About this task — Begin your copy at the line with "с одной стороны" in the records below and end it at the line with "Certified 2025 Ford", restating each line word for word; omit the pictures.

□ □ □

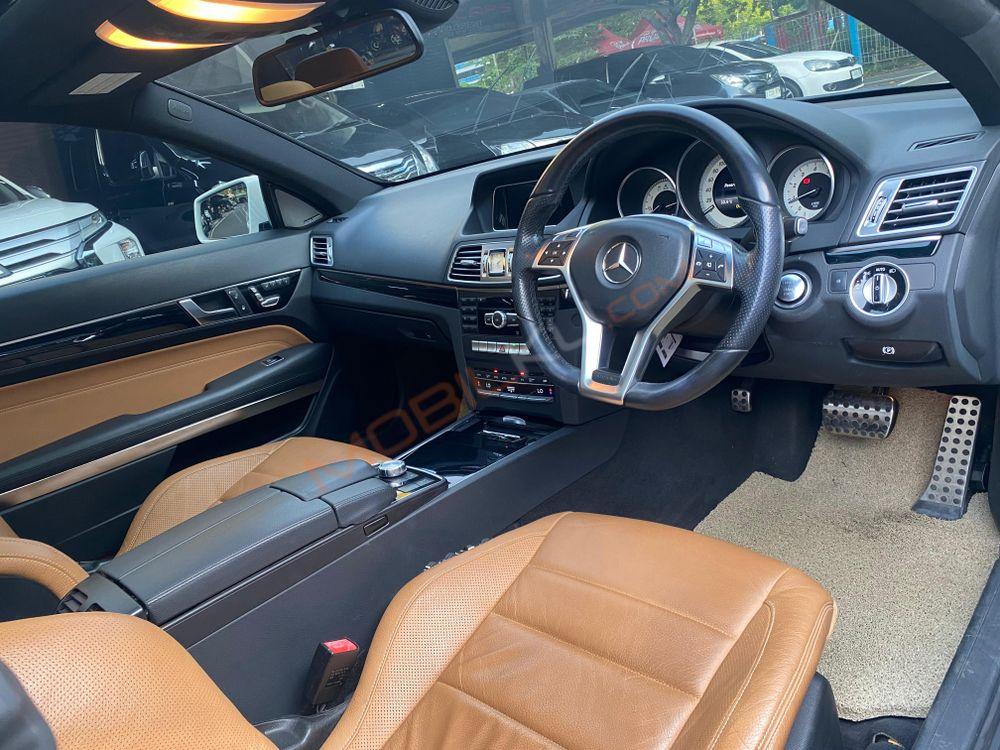 Mobil Mercedes-Benz E-Class 2013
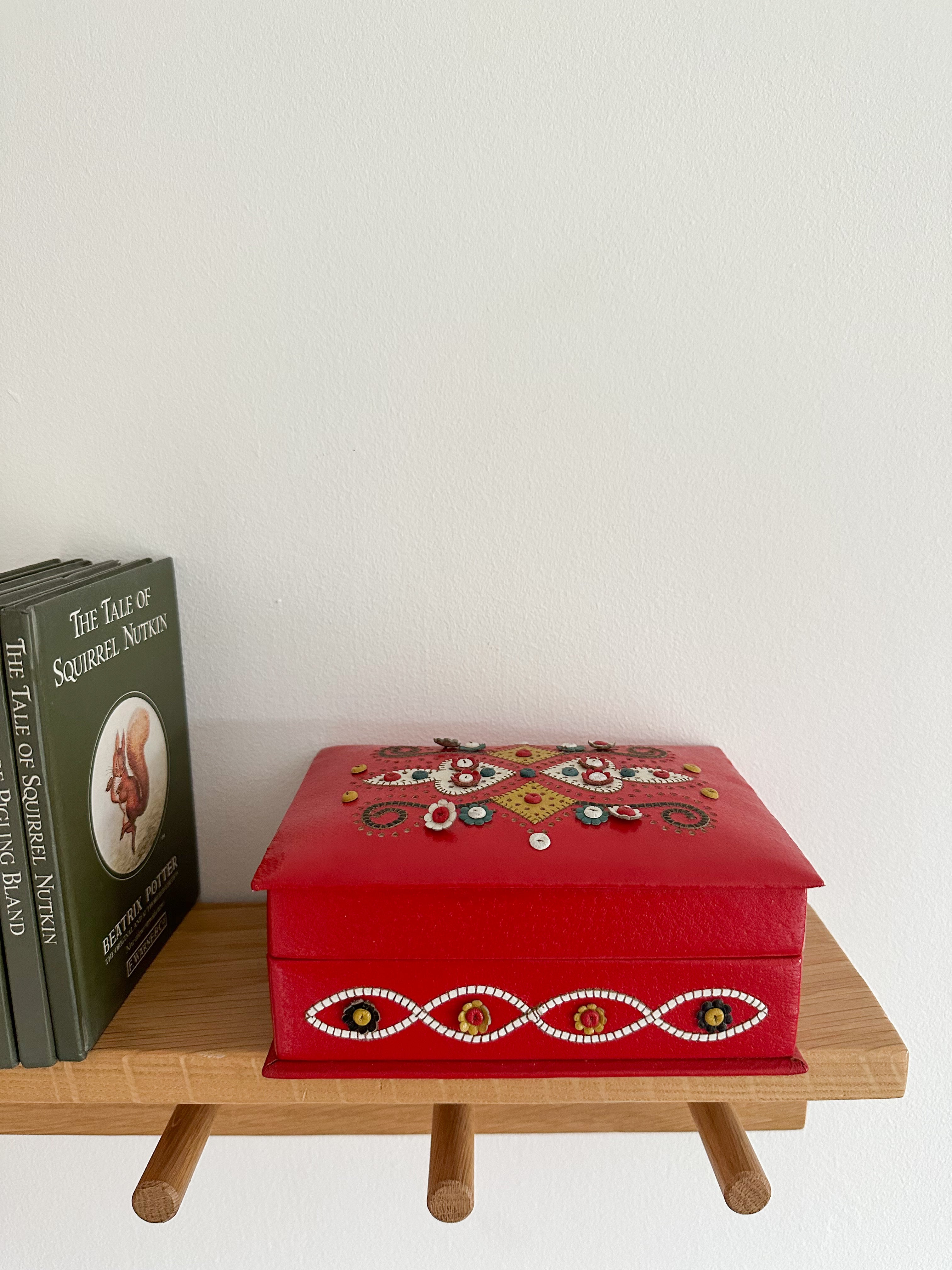 Vintage 1980s red leather embroidered jewellery/treasure box - Moppet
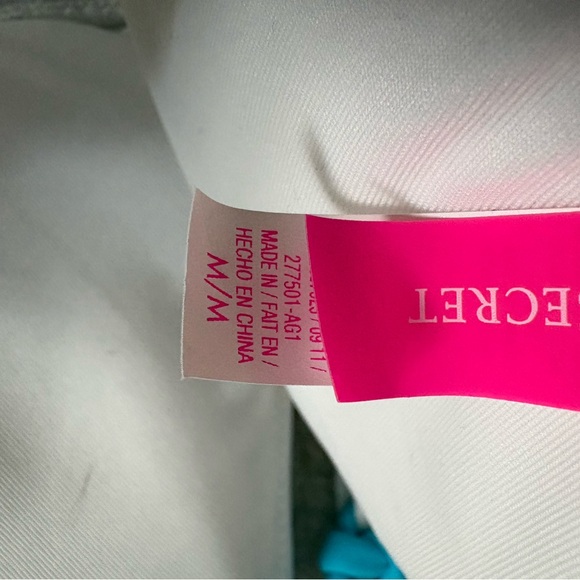 Victoria's Secret Bikini top - Picture 5 of 6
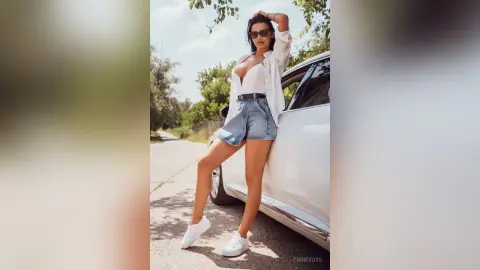 Diane — Body Language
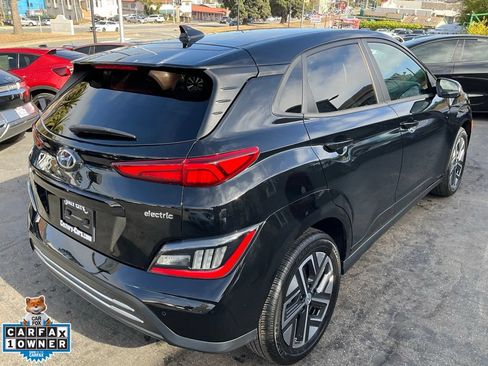 Used 2023 Hyundai Kona Limited FWD image 81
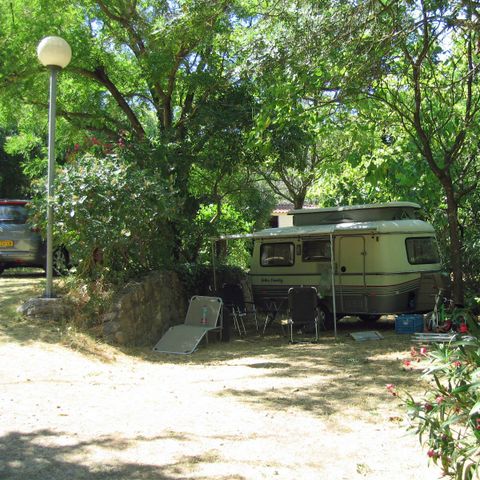 Emplacement - Forfait Confort Bord De Rivière - 1 tente - Caravane ou camping-car / - 1 voiture - / électricité 10A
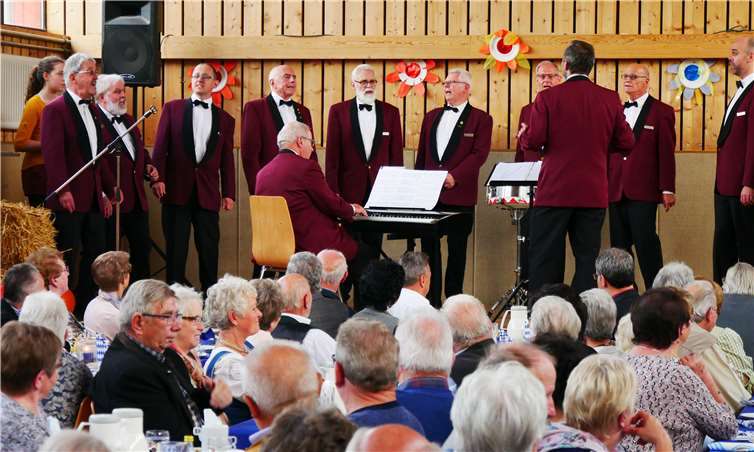 Mit ihrem breiten Repertoire, das von traditionellen Stücken bis zu Schlagern und Stimmungsmusik reicht, sorgten die Romeos für beste musikalische Unterhaltung. privat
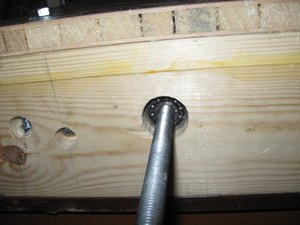 с одной стороны ходовую шпильку ось Х закрепил в самоустанавливающийся подшипник (10715 просмотров) <a class='original' href='./download/file.php?id=3082&sid=a3caa9be285793d0d3f89104d2ed3206&mode=view' target=_blank>Загрузить оригинал (267.87 КБ)</a>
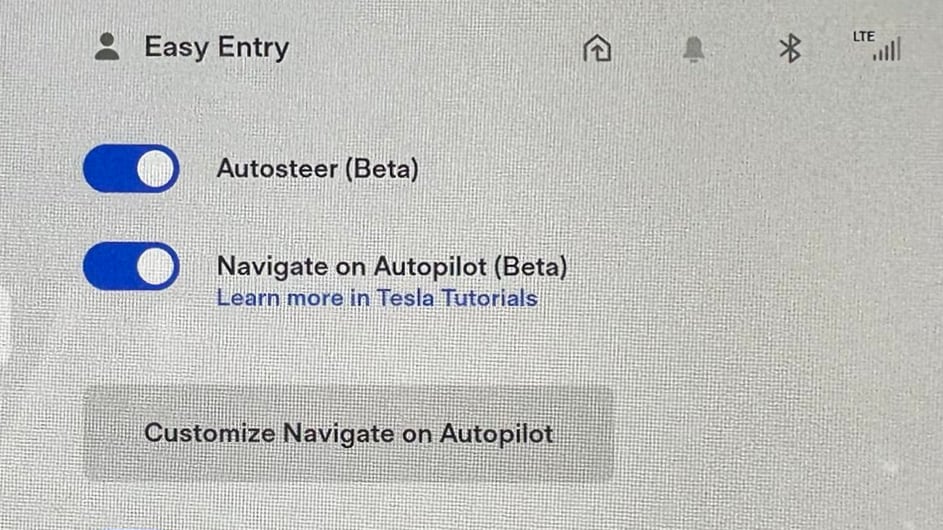 Tesla Learn More Links feature in update 2022.40.1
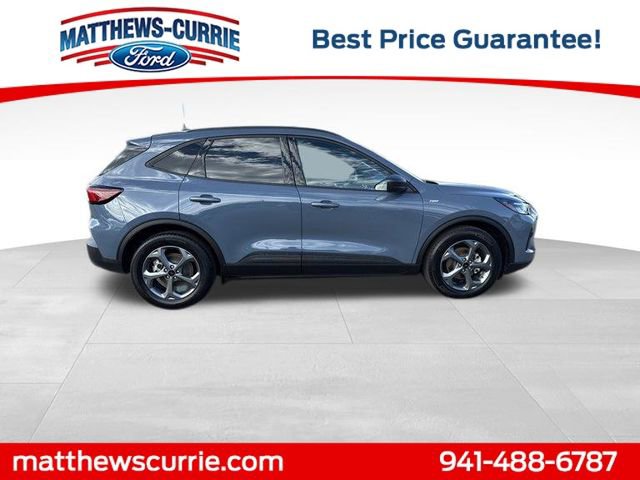 Certified 2025 Ford Escape ST-Line w/ Equipment Group 301A image 3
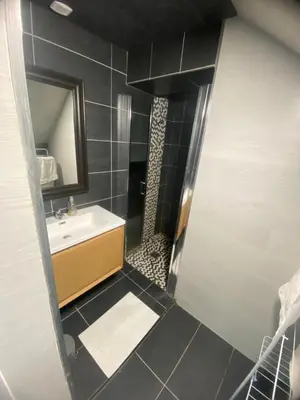 Salle de bains dans l'établissement Logement fenay 15 minutes de Dijon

□ □ □

Response box —
 с одной стороны ходовую шпильку ось Х закрепил в самоустанавливающийся подшипник (10715 просмотров) <a class='original' href='./download/file.php?id=3082&sid=a3caa9be285793d0d3f89104d2ed3206&mode=view' target=_blank>Загрузить оригинал (267.87 КБ)</a>
 Tesla Learn More Links feature in update 2022.40.1
 Certified 2025 Ford Escape ST-Line w/ Equipment Group 301A image 3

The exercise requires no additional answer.